■ **Data**:
□ □ □ □
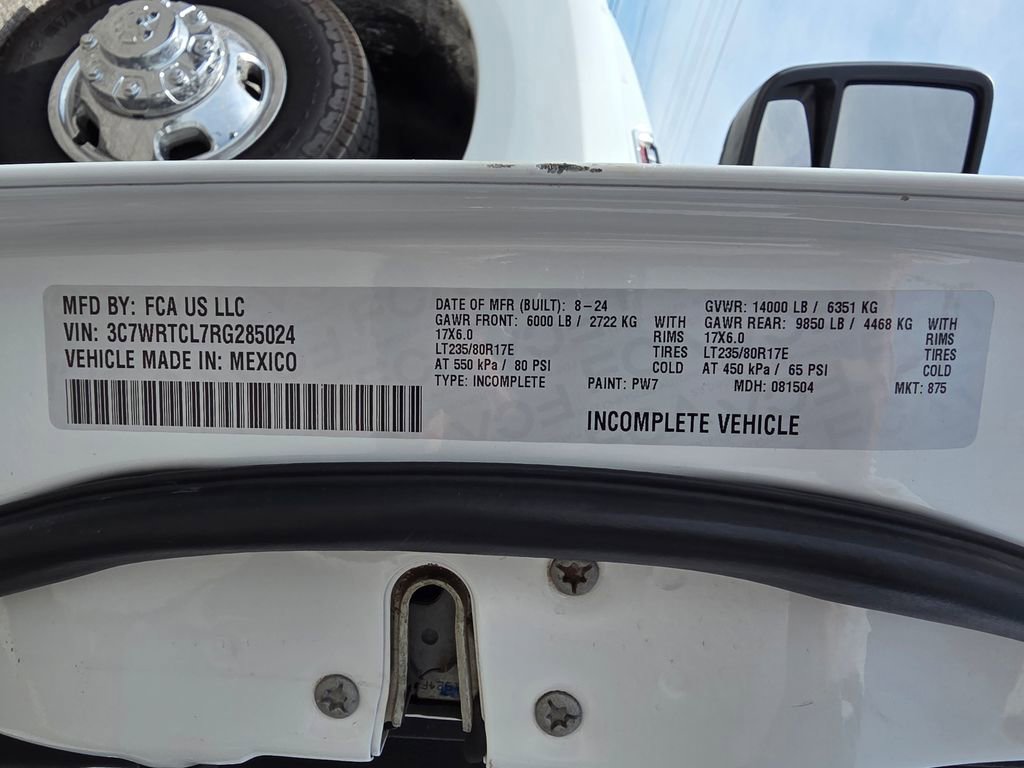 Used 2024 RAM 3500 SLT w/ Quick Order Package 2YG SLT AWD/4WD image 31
□ □ □ □
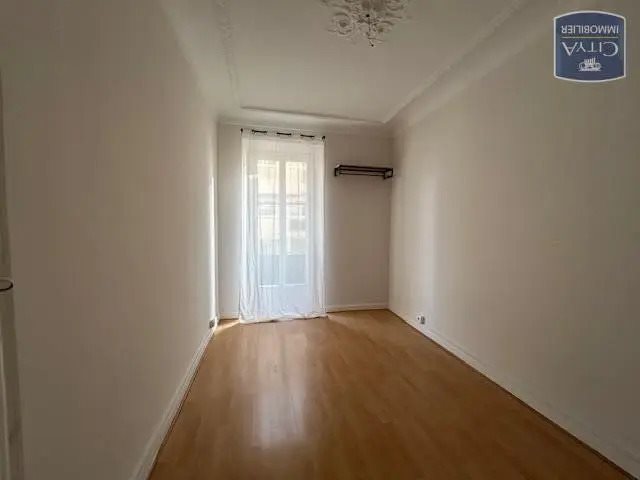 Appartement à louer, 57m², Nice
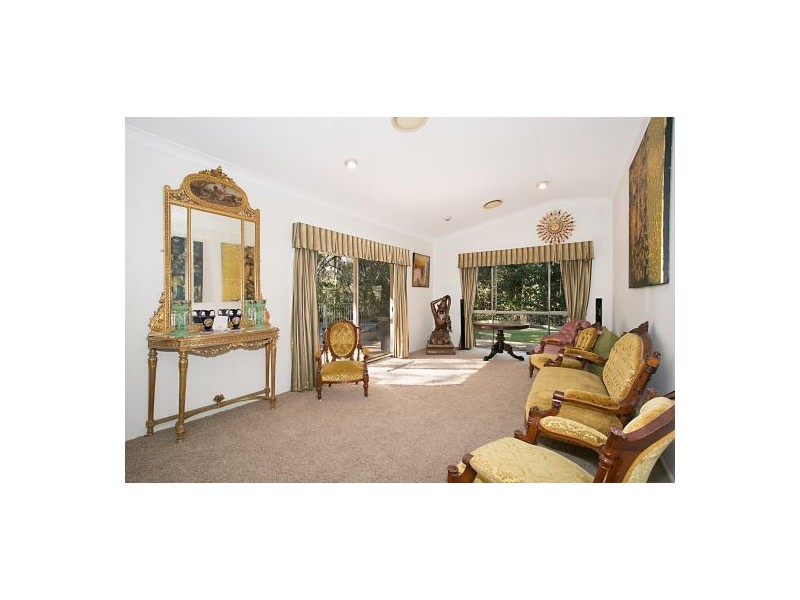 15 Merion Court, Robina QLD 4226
□ □ □ □
■ **What is needed**: Please repeat, exactly as written, the lines in the records above, starting with the one that has "Appartement à louer, 57m², Nice" and going on through the one that has "15 Merion Court, Robina QLD 4226". Pictures are to be left out.

■ **Written solution**:
 Appartement à louer, 57m², Nice
 15 Merion Court, Robina QLD 4226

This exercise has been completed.